Yani, Altaylı'nın dediğinin tam tersine. Ne diyor Altaylı yazısında; "Kadına yönelik şiddet budur. Morarmış bir göz değil, sırta saplanmış bir bıçaktır." Fatih Altaylı'nın bu yaklaşımı, bilerek ya da bilmeyerek "kadına yönelik şiddet sorunu"na yönelik negatif bir katkı ve yaklaşımdır. Maalesef sorunun tanımı ve çözümüne yönelik değil sorunun varoluşuna katkı yapan bir yaklaşımdır.
Çünkü kadına yönelik şiddet tanımı için illa morarmış bir göz olması bile gerekmez. Sorunu her düzeyde yapısal ve içeriksel tüm değişkenleriyle kavramak, çözmek ve dönüştürmek zorundayız.

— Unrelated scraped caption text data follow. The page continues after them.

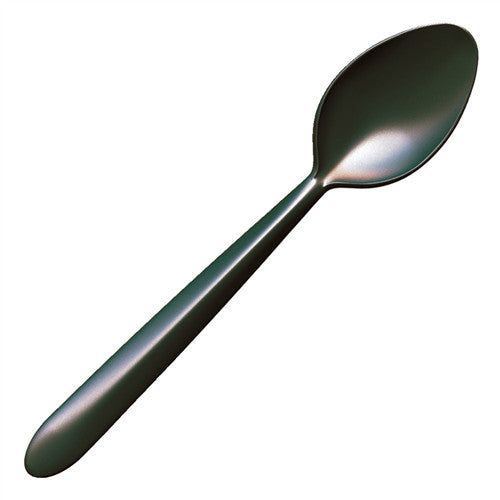 Cuillère en plastique noir sur fond blanc.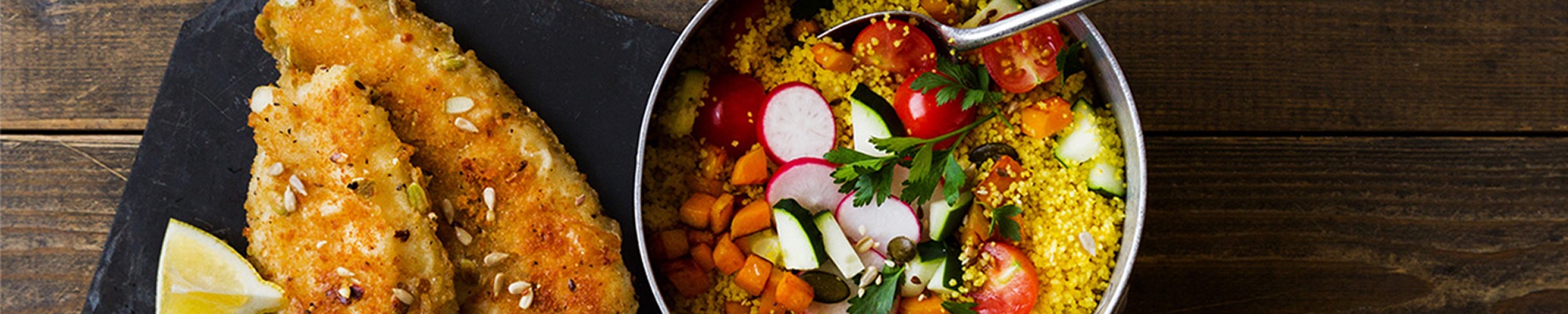 Filets mit Kernen und Couscous-Salat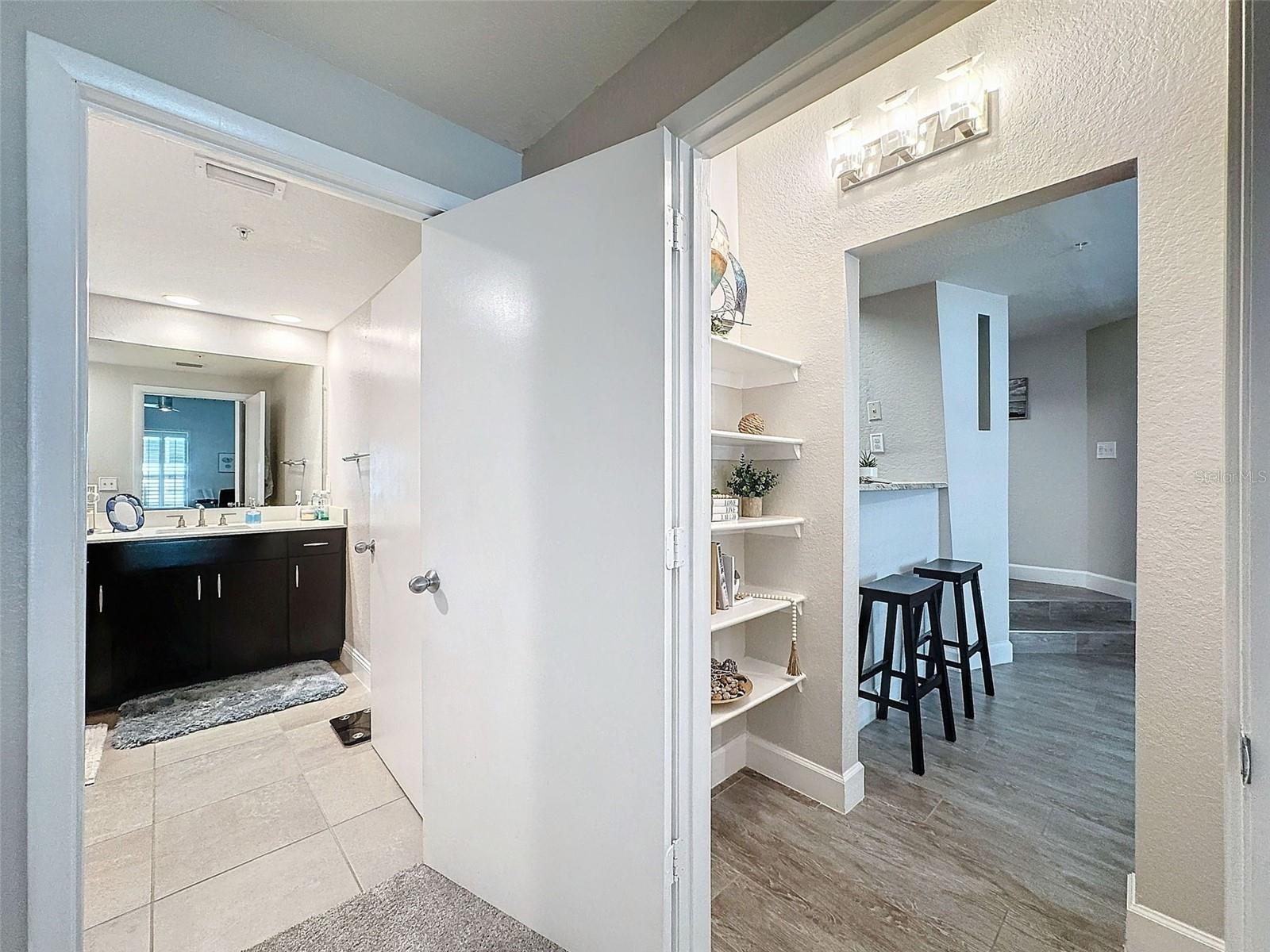 Image 19 of 50 For 2410 Azeele Street 220
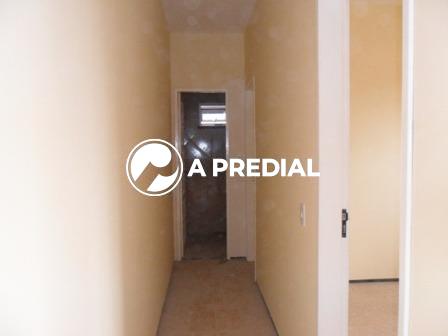 Foto 5 de Apartamento com 2 Quartos para alugar, 45m² em Jardim das Oliveiras, Fortaleza
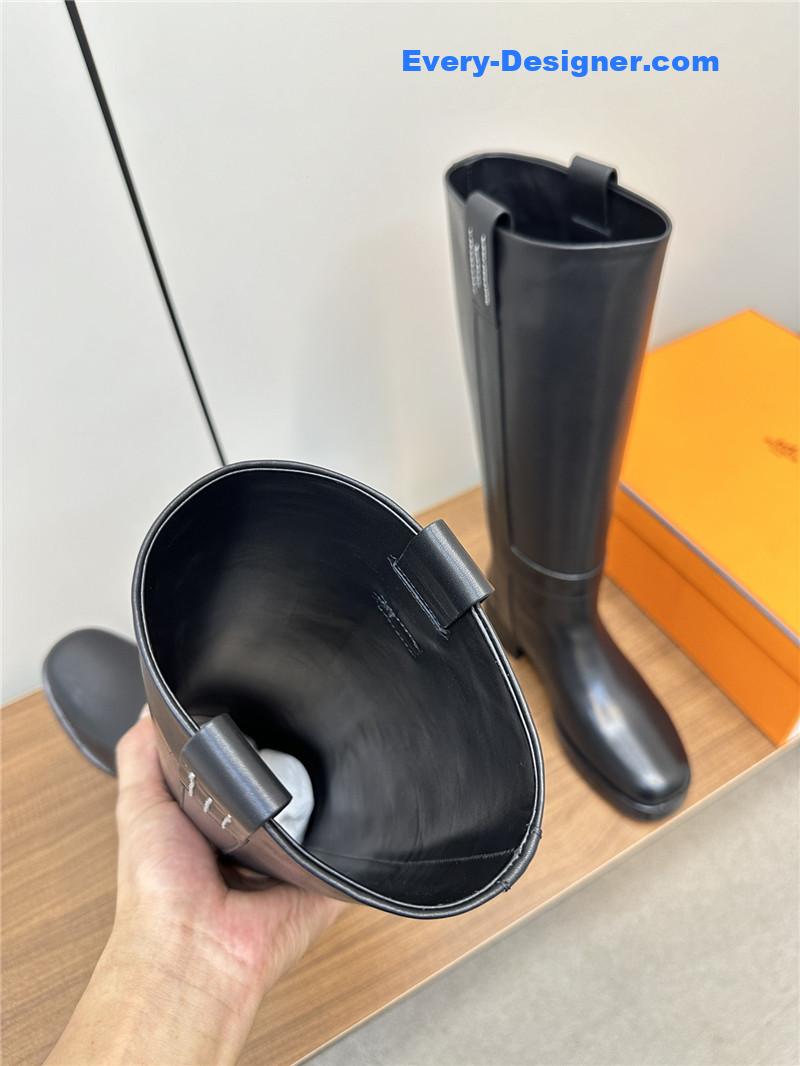 H**me5 horse boot in black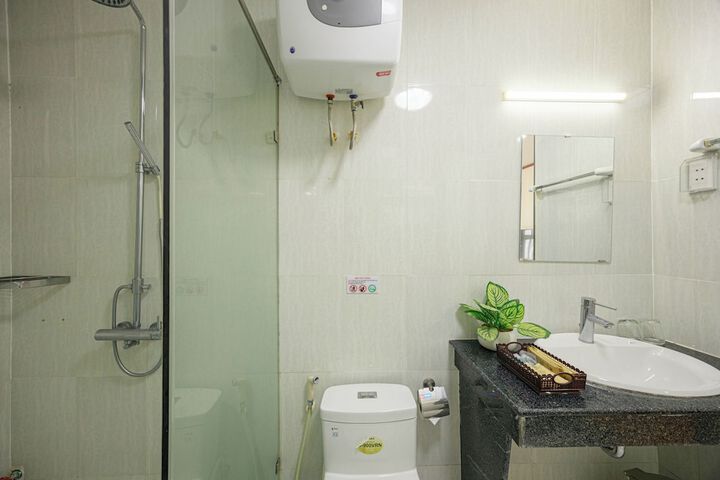 Room 30 of 42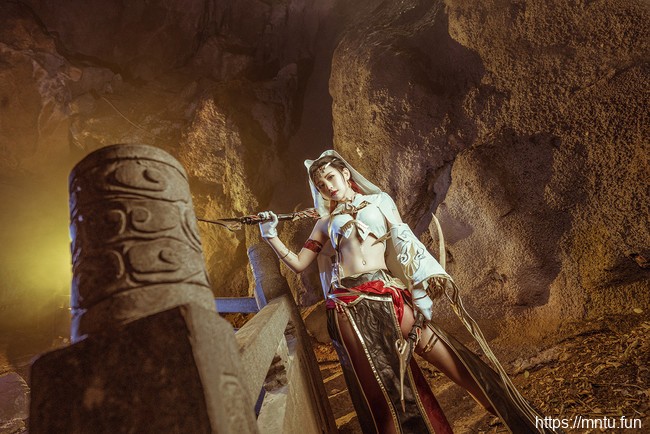 御姐沐沐无敌COS扮演剑侠情缘雪河喵姐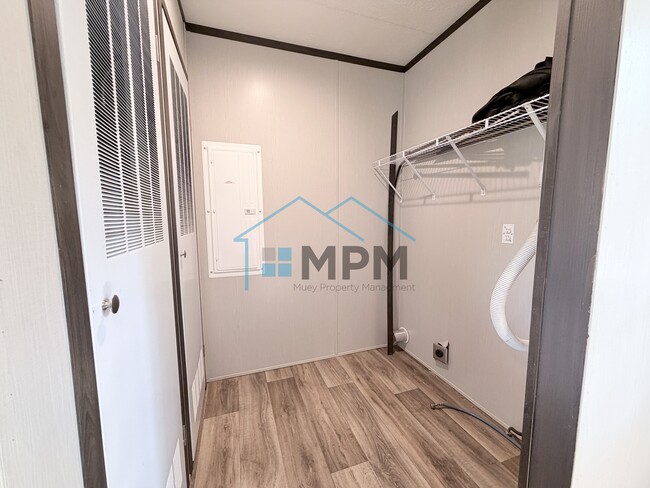 Photo - 136 Hillside Cir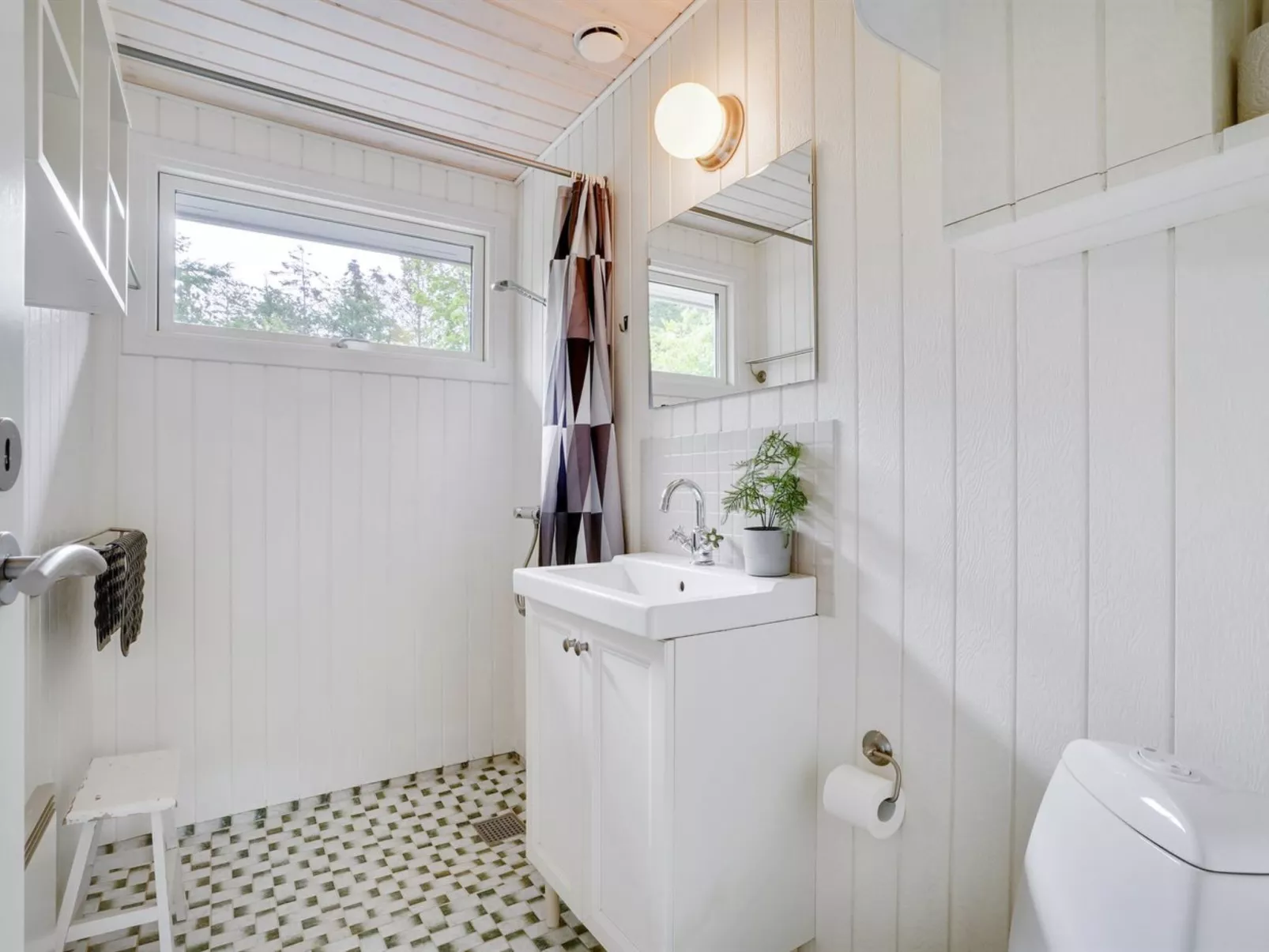 "Angantir" - 700m to the fjord-Binnen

Yazıyı bitirirken, sorunla ilgili olarak 1994 yılında yapılan uluslararası bir araştırmaya göre kadına yönelik şiddetin oluşmasına katkıda bulunduğu saptanan belli başlı faktörleri vereyim; (Kaynak: Heise L.L., Pitanguy J. and Germaine, A. "Kadına Karşı Şiddet", Dünya Bankası Yayını, 1994)
Kültürel faktörler
- Cinsiyet merkezli sosyalleşme
- Erkeğin doğuştan üstünlüğüne inanılması
- Erkeğe kadın ve kız çocukları üzerinde mülkiyet hakkı veren değerler
- Aile kavramının özel alan ve erkeğin kontrolü altında olması gerektiğine inanılması
- Evlilik adetleri (başlık parası, çeyiz)
Ekonomik faktörler
- Kadının erkeğe ekonomik bağımlılığı
- Ekonomik kaynaklara kadının sınırlı erişimi
- Miras, mülkiyet hakkı, ortak arazilerin kullanımı haklarına ilişkin yasalarda ayrımcılık
- İstihdama yetersiz erişim
- Eğitime yetersiz erişim
Yasal faktörler
- Kadının yazılı yasalarda veya pratikte daha düşük yasal statüde olması
- Boşanma, velayet ve miras yasalarındaki sorunlar
- Tecavüz ve ev içi istismarın yasal tanımlarının yapılmamış olması veya yetersizliği
- Kadınlar arasında okuma yazma oranının düşüklüğü
- Polis ve mahkemelerin kadınlara ve kız çocuklara özensiz yaklaşımı
Politik faktörler
- Kadının iktidarda, politikada, medyada ve yasal ve tıbbi mesleklerde yetersiz temsili
- Ev içi şiddetin ciddi bir sorun olarak görülmemesi
- Aile kavramının özel ve devlet kontrolünün dışında görülmesi
- Kadının eşitliğinin kurulu düzeni veya dinsel kuralları tehdit edici görülmesi
- Kadının politik bir güç olarak örgütlenmesinin sınırlılığı
- Kadının örgütlü politik sisteme katılımının sınırlılığı
O halde, Altaylı'nın da, yazısında buyurgan tavrını rasyonalize etmek için eleştirdiği normal ve ahlaklı olmaya, görünmeye çalışan sıradan insanlar gibi ve hatta genel yayın yönetmeni olmanın getirdiği toplumsal sorumluluklarının bilinciyle daha fazla duyarlı ve bilinçli olarak ve artık, "Ben yaparım", "ben basarım" türü üst ve buyurgan söylem, yöntem ve yaklaşımlardan kendini arındırmayı öğrenmesi gerekli.
Çünkü biliyoruz ki, nerede buyurganlık varsa, orada şiddeti besleyen, var eden potansiyel bir ilişki vardır.